Ryan (02:07): You’ve had key roles across multiple utility projects and complex maintenance settings. How did those environments shape your approach to risk, maintenance discipline, and asset resilience? What lessons have stayed with you?
Kerry Boyce (02:21): Utilities taught me system reliability at scale a really big scale, early on. Transport taught me operational discipline and public safety, which was a critical role in understanding the protection of the public. And the Royal Opera House taught me something different again how a building becomes part of the performance, so every system must work seamlessly to make the audience experience truly flawless.
On the Underground, you’re maintaining infrastructure that millions of people depend on every day, so the tolerance for failure is extremely low. Maintenance planning has to be incredibly structured.
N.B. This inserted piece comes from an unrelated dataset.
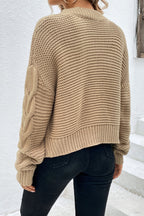 Ribbed Solid Color Long Sleeve Knit Cardigan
How all of that translates to the university is this: a modern campus is like a small city. It has residential, teaching, research, and cultural spaces, all operating seamlessly and simultaneously. The challenge becomes ensuring that infrastructure enables excellence.
Ryan (03:48): And you’ve touched on it there it’s like a small city. As Director of Maintenance at the University of Warwick, you’re responsible for a 710-acre estate, 500 buildings, thousands of student residents. When people hear ‘university maintenance’, they might often imagine classrooms and lecture halls. Can you describe the real scale and diversity of assets you’re responsible for?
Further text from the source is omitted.